The Festival Orchestra and all its variant subsets and combinations proved once again why Spoleto is the launch pad for many stellar musical careers. The wonderful Music in Time series, the orchestral offerings, and the always reliable Bank of America Chamber Music series all drew good reports, meeting or exceeding expectations. These mainstays act as one of the anchors of Spoleto, providing continuity more reliably than surprise. One notable exception to this broad-stroke observation: Orchestra Uncaged, with pieces from John Cage and Radiohead's Jonny Greenwood, garnered both a large audience and substantial praise.

In a pop-music vein, k.d. lang and Joy Kills Sorrow wowed, Mavis Staples soared, and a diverse selection of talents from around the world gave us music from many traditions. Cécile McLorin Salvant left us wanting more, and at the tender age of 22, with what we trust will be a very long career ahead of her, we anticipate having our wishes fulfilled. David Peña Dorantes gave a jaw-dropping performance that most in his audience, expecting feverish flamenco and little more, could not have anticipated. Virgínia Rodrigues seemed off-pace in her Galliard show, yet inspired resounding applause at the end of her set. Those who'd seen Jake Shimabukuro perform at Spoleto before knew what to expect and were not disappointed. He's a great showman, a talented musician, and, as we discovered later, a really nice guy. The extraordinary Renaud Garcia-Fons left us struggling for superlatives. We were especially grateful that he gave at least a handful of performances.

All of these were experiences we'll keep tucked away for ourselves. And as vivid as these performances were, I still like to keep around some tangible reminders of them. Keepsakes, I suppose.

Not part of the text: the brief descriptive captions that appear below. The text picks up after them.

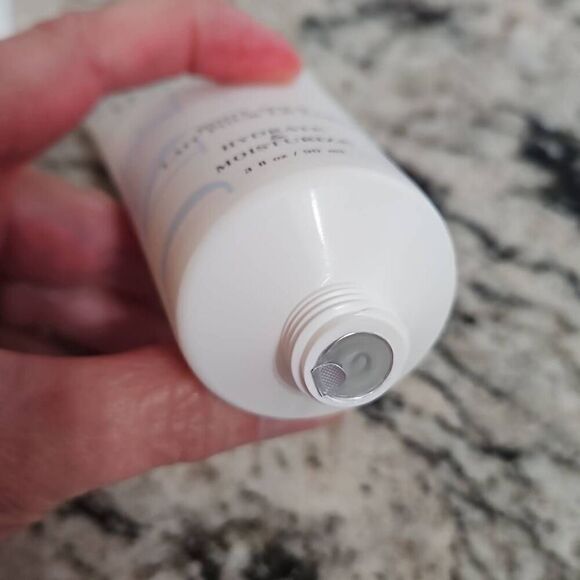 Bundle of ONEIRO Sunchasers Body Wash (3 fl oz) and Body Milk (3 fl oz) - Picture 6 of 6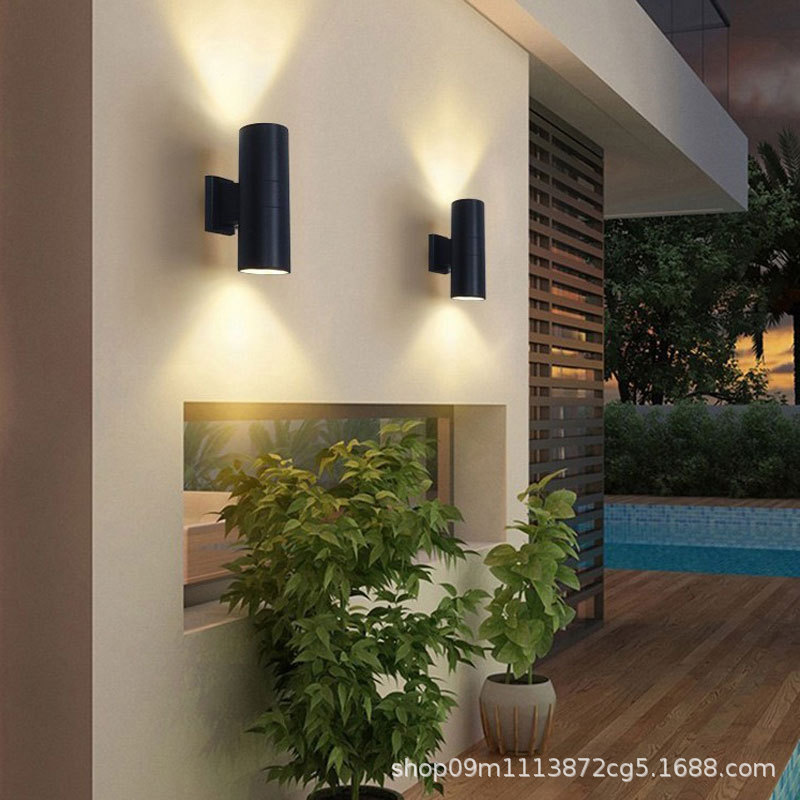 LED outdoor wall lamps, double-head and single-head balcony exterior wall top and bottom spotlights, courtyard outdoor columns, simple villa waterproofing details Picture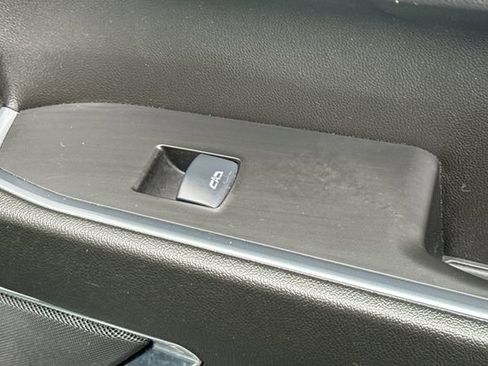 Used 2025 GMC Sierra 1500 SLT image 22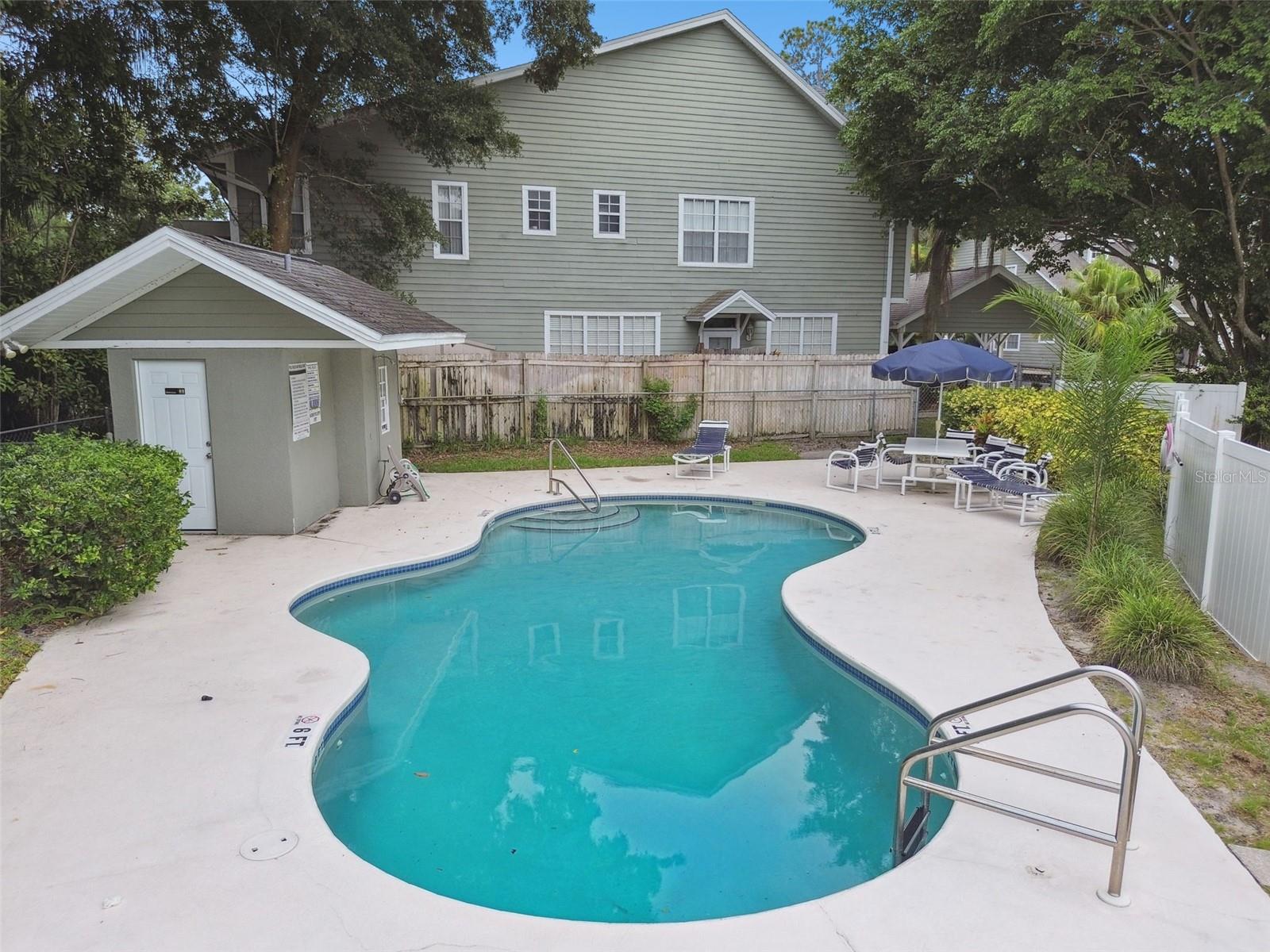 2724 HAMBLE VILLAGE LN — photo 52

Beside me, as I write this, there is a short stack of Spoleto ticket stubs. Perhaps you have a similar collection. In these mementos, there is theater, music, and dance. In there, too, are memories of perspiring power walks from one event to another and leisurely strolls back to the car at the end of an evening. There are chance meetings and conversations — many conversations. That little stack represents the calling cards of memory, of many fulfilling moments and a few extraordinary ones. Perhaps the message this year's Spoleto artists have called on us to remember has everything to do with our little stacks of experience, the lives we live every day. Perhaps the notion they've asked us to entertain is that there are extraordinary things happening among us, right here. Perhaps we only need to remind ourselves of that.